For every line in the material below that holds "Navy", report the line.

****************************************

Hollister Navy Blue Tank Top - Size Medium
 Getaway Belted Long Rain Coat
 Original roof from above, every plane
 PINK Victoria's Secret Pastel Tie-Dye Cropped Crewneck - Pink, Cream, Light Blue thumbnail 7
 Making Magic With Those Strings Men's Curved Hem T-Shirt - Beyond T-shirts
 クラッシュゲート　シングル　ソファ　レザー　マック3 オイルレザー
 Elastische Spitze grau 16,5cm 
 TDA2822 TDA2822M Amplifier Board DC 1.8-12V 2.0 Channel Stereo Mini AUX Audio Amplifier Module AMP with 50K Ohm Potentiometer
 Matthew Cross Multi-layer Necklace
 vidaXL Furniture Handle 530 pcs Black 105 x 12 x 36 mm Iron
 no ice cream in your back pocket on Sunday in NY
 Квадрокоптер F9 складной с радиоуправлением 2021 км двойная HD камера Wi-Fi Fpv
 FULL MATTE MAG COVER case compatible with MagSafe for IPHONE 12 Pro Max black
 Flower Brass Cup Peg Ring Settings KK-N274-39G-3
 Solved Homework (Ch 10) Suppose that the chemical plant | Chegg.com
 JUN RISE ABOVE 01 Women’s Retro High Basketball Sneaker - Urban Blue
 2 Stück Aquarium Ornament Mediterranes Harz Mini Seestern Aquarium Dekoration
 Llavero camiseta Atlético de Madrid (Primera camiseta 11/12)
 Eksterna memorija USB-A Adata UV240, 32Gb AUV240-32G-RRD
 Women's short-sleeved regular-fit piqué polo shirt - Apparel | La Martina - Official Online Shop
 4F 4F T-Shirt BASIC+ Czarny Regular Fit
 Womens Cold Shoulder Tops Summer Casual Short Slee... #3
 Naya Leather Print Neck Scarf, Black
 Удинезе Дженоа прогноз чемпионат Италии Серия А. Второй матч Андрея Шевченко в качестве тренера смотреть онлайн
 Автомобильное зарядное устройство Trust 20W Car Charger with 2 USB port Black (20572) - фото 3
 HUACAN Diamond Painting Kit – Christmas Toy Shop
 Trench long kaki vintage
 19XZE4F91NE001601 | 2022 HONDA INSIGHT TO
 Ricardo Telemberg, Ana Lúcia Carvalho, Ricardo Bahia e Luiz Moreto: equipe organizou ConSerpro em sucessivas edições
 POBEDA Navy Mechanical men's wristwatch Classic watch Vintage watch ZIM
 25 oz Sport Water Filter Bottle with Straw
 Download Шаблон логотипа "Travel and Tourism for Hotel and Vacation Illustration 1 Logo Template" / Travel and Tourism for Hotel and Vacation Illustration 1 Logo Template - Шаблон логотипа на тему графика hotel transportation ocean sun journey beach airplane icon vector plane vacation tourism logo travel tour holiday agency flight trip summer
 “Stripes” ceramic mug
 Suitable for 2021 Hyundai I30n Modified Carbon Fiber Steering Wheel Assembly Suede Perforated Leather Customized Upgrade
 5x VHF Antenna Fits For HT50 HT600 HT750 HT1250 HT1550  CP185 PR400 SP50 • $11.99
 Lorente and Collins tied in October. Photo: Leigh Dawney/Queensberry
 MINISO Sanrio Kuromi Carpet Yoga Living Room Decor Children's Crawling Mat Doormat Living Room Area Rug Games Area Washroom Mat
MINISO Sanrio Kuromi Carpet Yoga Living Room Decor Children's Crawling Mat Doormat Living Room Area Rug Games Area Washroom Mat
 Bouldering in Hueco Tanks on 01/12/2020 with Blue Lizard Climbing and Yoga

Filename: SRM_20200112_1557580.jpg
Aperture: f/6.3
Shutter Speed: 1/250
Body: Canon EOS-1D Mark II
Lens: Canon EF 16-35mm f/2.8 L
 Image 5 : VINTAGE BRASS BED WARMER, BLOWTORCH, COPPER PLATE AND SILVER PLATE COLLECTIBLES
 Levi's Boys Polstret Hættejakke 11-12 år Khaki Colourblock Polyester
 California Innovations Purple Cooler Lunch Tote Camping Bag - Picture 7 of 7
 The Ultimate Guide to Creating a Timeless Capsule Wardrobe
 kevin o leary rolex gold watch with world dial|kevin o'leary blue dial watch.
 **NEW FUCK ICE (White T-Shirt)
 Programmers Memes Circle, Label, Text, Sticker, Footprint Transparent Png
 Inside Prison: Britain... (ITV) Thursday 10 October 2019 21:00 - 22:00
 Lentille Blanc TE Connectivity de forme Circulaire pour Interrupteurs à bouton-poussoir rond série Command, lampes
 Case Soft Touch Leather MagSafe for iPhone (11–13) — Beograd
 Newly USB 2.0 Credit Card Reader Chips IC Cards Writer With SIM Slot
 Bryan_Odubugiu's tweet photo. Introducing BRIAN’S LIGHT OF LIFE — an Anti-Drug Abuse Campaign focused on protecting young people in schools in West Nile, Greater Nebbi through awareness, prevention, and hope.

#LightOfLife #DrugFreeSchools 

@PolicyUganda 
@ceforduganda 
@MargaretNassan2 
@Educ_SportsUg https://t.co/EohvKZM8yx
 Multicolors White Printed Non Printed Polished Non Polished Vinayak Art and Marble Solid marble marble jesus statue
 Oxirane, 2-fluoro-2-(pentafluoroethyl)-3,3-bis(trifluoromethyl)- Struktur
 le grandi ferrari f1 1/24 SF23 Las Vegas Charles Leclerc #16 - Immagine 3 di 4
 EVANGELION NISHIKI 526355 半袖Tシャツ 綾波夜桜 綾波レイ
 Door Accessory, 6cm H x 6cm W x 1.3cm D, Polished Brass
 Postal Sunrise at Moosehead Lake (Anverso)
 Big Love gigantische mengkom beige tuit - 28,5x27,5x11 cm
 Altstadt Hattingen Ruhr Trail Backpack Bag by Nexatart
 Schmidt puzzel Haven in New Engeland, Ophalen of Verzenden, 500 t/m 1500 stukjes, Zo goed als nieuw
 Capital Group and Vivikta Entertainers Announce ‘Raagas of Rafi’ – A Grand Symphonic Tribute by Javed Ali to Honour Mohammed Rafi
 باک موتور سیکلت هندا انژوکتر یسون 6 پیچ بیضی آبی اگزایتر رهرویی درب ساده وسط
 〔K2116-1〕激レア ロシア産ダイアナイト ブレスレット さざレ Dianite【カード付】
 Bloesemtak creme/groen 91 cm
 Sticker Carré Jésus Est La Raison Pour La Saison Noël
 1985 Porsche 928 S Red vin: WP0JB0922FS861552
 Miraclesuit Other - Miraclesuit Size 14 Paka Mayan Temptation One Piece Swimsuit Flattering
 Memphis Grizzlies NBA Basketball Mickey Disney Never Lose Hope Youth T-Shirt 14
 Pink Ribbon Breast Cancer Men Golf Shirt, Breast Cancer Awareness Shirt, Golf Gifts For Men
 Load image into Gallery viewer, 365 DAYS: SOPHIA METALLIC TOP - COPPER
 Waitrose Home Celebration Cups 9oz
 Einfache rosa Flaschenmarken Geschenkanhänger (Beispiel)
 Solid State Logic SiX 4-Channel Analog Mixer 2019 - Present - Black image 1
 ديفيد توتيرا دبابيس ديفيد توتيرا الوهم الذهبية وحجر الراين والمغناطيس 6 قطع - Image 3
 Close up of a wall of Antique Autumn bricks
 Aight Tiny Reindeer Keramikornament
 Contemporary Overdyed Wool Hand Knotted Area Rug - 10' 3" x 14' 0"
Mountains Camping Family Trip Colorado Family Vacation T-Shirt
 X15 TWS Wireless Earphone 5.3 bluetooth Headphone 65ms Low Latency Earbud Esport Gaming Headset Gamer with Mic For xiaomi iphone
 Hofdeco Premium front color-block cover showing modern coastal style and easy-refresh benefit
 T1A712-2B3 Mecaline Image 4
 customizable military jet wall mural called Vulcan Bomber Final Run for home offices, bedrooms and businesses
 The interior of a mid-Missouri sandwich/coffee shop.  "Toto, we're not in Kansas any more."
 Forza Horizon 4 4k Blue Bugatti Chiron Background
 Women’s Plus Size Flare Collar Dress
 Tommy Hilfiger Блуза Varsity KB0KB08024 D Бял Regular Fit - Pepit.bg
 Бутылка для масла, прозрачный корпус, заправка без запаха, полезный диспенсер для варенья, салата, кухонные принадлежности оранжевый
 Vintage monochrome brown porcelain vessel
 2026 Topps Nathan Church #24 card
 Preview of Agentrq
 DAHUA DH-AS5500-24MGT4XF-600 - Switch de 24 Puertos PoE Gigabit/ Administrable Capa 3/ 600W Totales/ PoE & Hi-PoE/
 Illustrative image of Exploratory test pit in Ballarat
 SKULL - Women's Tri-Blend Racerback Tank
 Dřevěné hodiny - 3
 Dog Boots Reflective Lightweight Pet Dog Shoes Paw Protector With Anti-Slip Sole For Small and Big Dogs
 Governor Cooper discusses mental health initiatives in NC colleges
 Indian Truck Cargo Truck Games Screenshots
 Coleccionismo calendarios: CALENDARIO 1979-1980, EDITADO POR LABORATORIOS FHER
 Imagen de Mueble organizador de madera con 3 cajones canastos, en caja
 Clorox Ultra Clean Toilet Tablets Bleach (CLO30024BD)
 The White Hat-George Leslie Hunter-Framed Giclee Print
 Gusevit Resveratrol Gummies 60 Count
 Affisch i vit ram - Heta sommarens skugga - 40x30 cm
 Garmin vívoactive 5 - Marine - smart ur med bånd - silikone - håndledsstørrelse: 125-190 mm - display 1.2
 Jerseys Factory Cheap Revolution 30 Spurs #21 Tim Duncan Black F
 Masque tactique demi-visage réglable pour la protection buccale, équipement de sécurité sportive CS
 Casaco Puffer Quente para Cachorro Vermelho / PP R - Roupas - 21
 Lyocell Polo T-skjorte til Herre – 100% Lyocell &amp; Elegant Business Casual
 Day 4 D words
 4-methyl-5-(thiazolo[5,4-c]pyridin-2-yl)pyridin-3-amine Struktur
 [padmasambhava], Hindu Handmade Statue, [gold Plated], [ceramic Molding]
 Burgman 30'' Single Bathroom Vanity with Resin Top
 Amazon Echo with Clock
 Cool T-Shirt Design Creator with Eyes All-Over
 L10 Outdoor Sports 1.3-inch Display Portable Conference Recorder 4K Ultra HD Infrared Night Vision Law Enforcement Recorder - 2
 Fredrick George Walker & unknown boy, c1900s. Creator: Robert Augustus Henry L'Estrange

****************************************

**RESPONSE TO THE TASK:**
Hollister Navy Blue Tank Top - Size Medium
 POBEDA Navy Mechanical men's wristwatch Classic watch Vintage watch ZIM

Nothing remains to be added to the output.